Book Review: "Timequake" by Kurt Vonnegut

Kurt Vonnegut is one of America's finest authors, with memorable satirical works such as Slaughterhouse-Five. Unfortunately, Timequake is not a novel that could follow his legacy in such a memorable way. Timequake is one of those novels that could have been, but wasn't, and it missed the mark by a massive amount. While it is portrayed as being a work of fiction, it would be better categorized as an autobiography. An autobiography with scattered memories.

The concept of the novel was excellent. In the year 2001, a timequake occurs and causes everyone to relive the years of 1991 to 2001 over again. The twist is that you have to relive them just as you did before. This means you are not able to fix your mistakes, you simply just relive what you did. For those who previously made mistakes, this would be a living hell for them.
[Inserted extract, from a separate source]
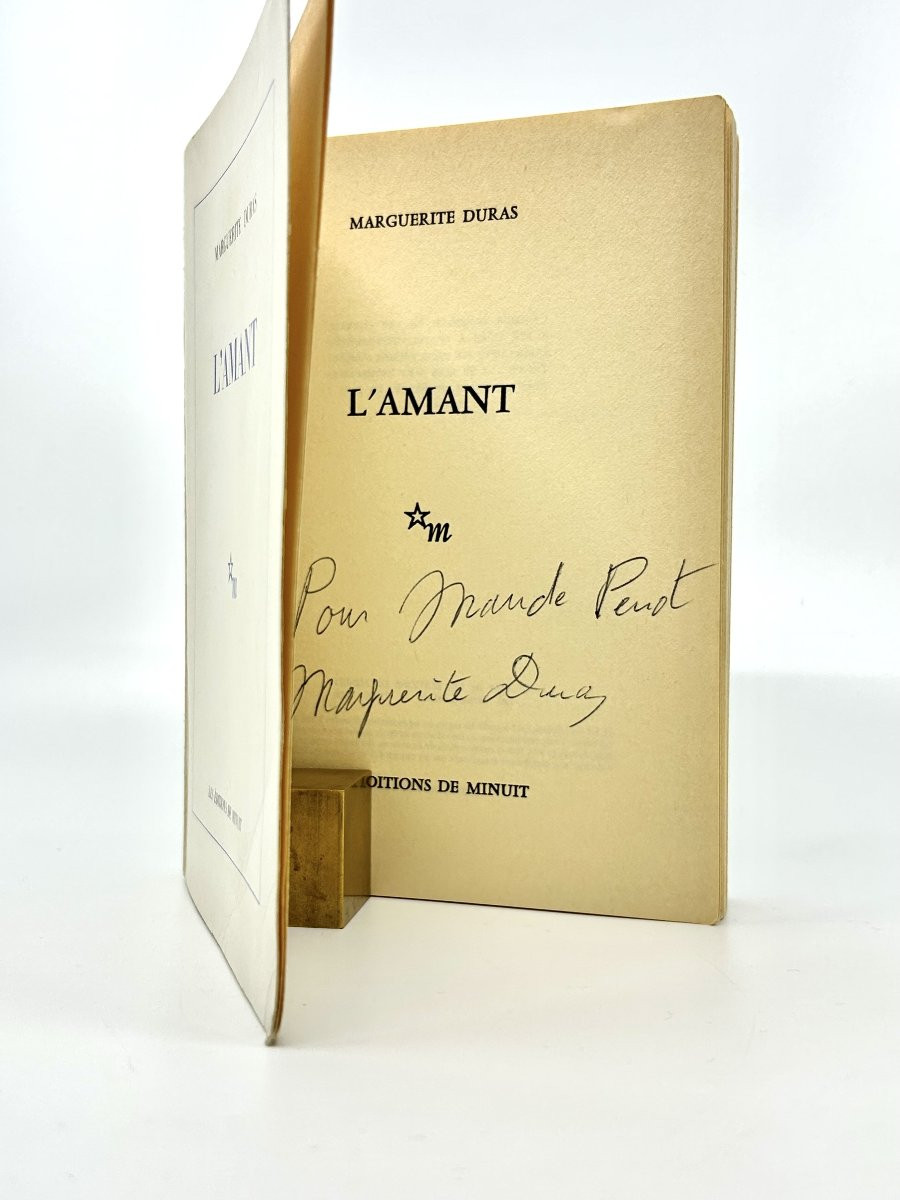 MARGUERITE DURAS - L' AMANT - Envoi autographe. 1984-photo-2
This is what the premise of the novel is SUPPOSED to be about. It turns out to simply be about Kurt Vonnegut's many adventures and an idea about such a novel. He mentions how his alter ego, Kilgore Trout, went through such a series of events and came up with such a work. He mentions that there were two novels, and one of them was from this alter ego of his. He puts the novel on Trout and uses this book to talk about experiences, people, previous novels, and what the white stuff is in bird feces. Oh, and he makes the few mentions about a timequake occurring and pushing people back ten years.

I have been an enthusiast for collecting and reading novels since my sophomore year of high school. I have been collecting and reading books in general for even longer. I have NEVER been more lead on with the plot than I was with Timequake. It was a complete waste of time. One of the cardinal rules that was broken was that it was stated that the plot was going to be about one thing and how it was a novel, but then I get something else.

If I was a college instructor, I would give F's on three occasions: The first was if the paper was never turned in. The second was if the paper had absolutely nothing to do with the topic or featured information that was so bizarre that it made absolutely no sense. The third was if the grammar was beyond atrocious that it affected the paper. The third could always be fixed with some extra help at a writing center. The second is what this novel falls under. Supposed to be about one thing, but turned out to be about something else. Kind of like asking for a pasta dish, but getting a rice dish instead. Sometimes plot twists are good, but this isn't one of them.

I highly suggest skipping Timequake. There are plenty of other exciting works that exist that are either well known or are waiting to be discovered. This is just Kurt Vonnegut writing about memories or his in a jumbled format, switching from fiction to nonfiction, and giving little support to the original concept. Writers have their bad works, too, and this just happens to be Vonnegut's.